It’s not rare to see crowds, organized by Newton Indivisible, gathered near the Newton Centre Green on a Saturday afternoon with various handmade signs expressing outrage at the Trump administration.

But this weekend was different. The crowd was bigger than usual—one count estimated nearly 600 people—and included a speech by the new mayor. People were there to show grief and anger over the fatal shooting of a Minnesota mother of three by an Immigration & Customs Enforcement agent.

“I wish we did not have to be here today,” Laredo said through a megaphone over the sounds of car horns honking in solidarity. “But given the recent tragedy in Minneapolis, and events like that all across the nation, it is our duty. It is our duty to stand out here today.”

On Jan. 7, an ICE officer who has been identified as Jonathan Ross, shot and killed 37-year-old Renee Good as she was pulling away in her vehicle. The killing has ignited a firestorm of outrage across America, and there have been reports of ICE-involved violence in other places, including Portland, Ore.

Laredo reminded the crowd that he had just sworn an oath to uphold the federal and state constitutions just a few days before.
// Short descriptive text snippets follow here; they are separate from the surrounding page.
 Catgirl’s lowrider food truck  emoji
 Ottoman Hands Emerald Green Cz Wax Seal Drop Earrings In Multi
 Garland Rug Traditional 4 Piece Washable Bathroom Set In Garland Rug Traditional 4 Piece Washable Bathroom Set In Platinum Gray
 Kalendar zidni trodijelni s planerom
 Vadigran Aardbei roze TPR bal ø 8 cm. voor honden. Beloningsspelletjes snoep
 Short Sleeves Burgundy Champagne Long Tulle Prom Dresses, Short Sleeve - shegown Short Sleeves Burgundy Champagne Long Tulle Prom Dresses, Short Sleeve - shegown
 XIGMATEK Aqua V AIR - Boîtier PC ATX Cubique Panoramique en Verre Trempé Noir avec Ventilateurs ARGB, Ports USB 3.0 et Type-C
“In Newton, every single day, I’m going to obey that oath, and we are going to follow the law,” he said. “This is a time when I think many of us can rightly condemn the actions of certain federal law enforcement authorities.”
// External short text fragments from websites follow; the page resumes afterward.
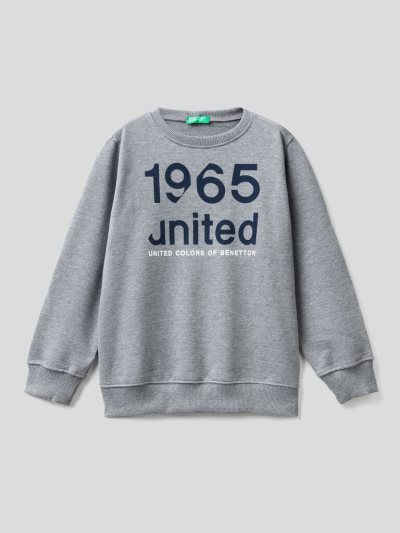 Dark Grey Kids' Benetton Warm Logo Sweatshirt | AU175837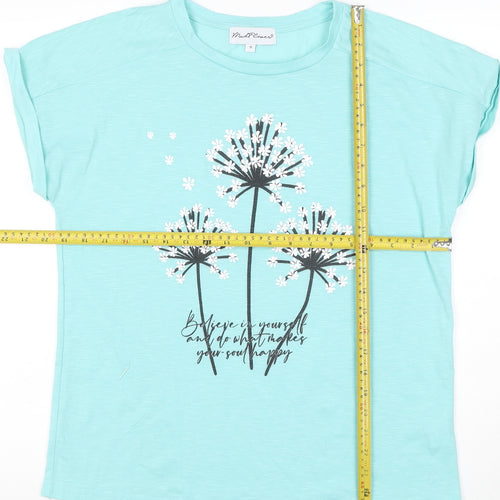 Mudflower Women Blue Size 12 Floral Quote Cap Sleeve T-Shirt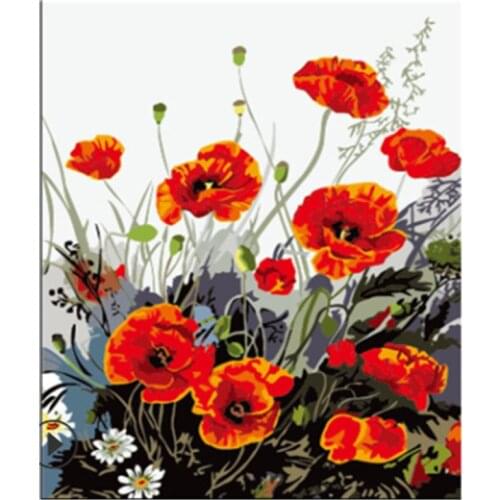 Red Poppy Flower Painting Frameless Pictures Painting By Numbers DIY Digital Canvas Oil Painting Home Decor Wall for living room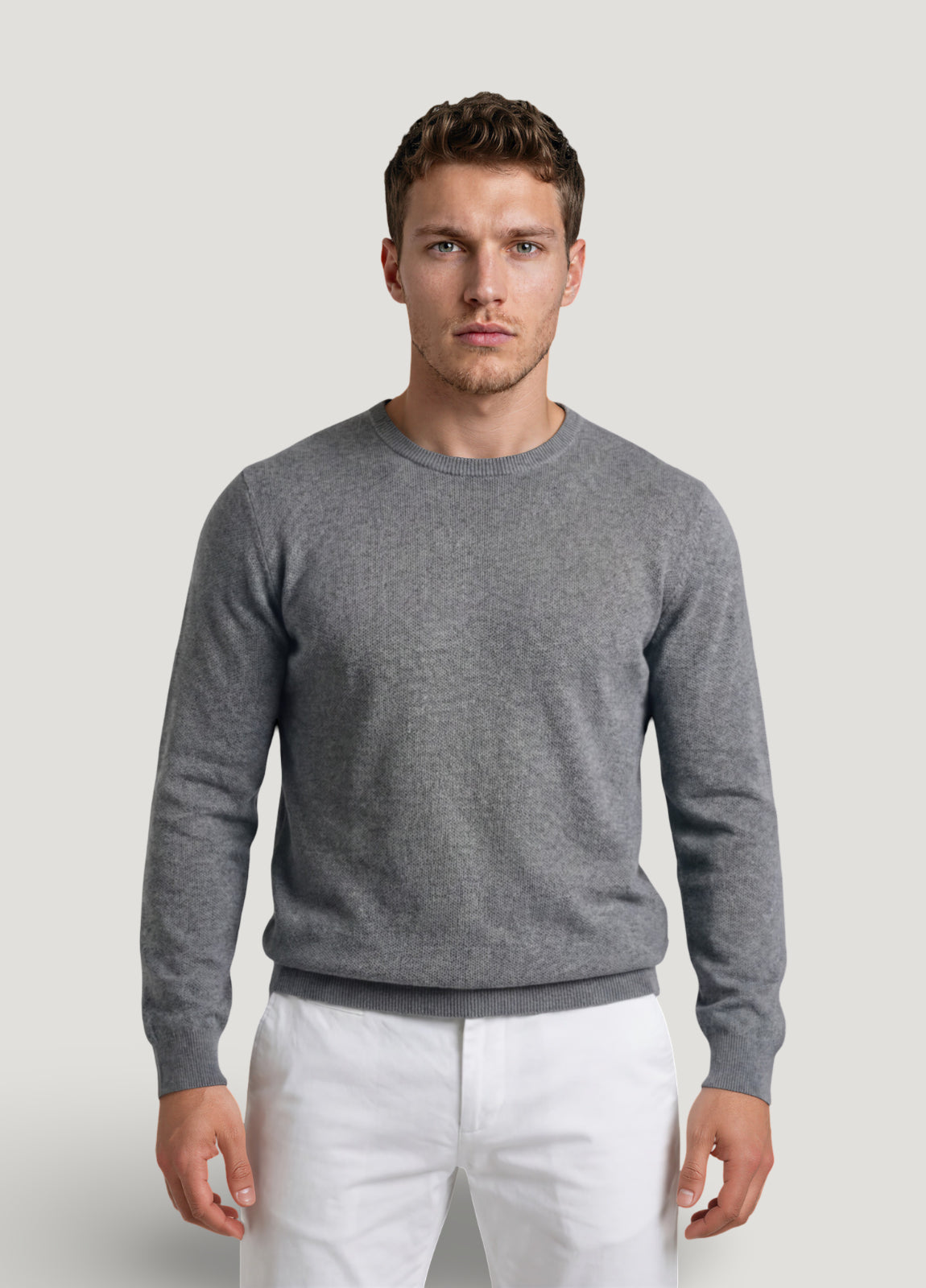 Jersey cuello redondo punto de arroz gris medio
Hundreds protest against the Trump administration and Immigration & Customs Enforcement in Newton Centre on Jan. 10, 2026. Photo by Bryan McGonigle

But Laredo urged people not to take out their anger at Newton police officers, who work to keep the city safe regardless of federal policy.
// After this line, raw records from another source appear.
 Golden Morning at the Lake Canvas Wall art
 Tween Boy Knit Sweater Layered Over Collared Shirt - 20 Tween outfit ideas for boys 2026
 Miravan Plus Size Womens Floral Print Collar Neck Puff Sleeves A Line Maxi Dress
Newton has a “Welcoming City” ordinance, which is similar to that of a sanctuary city. The Trump administration has targeted the city with threats of funding cuts because of that. Last year, after an ICE arrest on the Newton/Watertown line, then-Mayor Ruthanne Fuller vowed to defend the city’s policy, and Laredo did the same on Saturday.

“Everyone is welcome here,” Laredo said. “Immigrants are welcome here. You are welcome in this community.”

ICE was created in 2003 as part of the Patriot Act, and the Big Beautiful Bill Act of 2025 signed by President Donald Trump provides ICE with so much money that it’s now the most-funded agency in the federal government.

A growing number of progressive and libertarian organizations have called for ICE to be abolished over the years, and those calls have grown louder in recent weeks.

Hundreds protest against the Trump administration and Immigration & Customs Enforcement in Newton Centre on Jan. 10, 2026. Photo by Bryan McGonigle

Laredo said that this fight for civil liberties in the face of federal aggression is personal for him, and he talked about his father fleeing Nazi Germany and his mother surviving a concentration camp in Czechoslovakia.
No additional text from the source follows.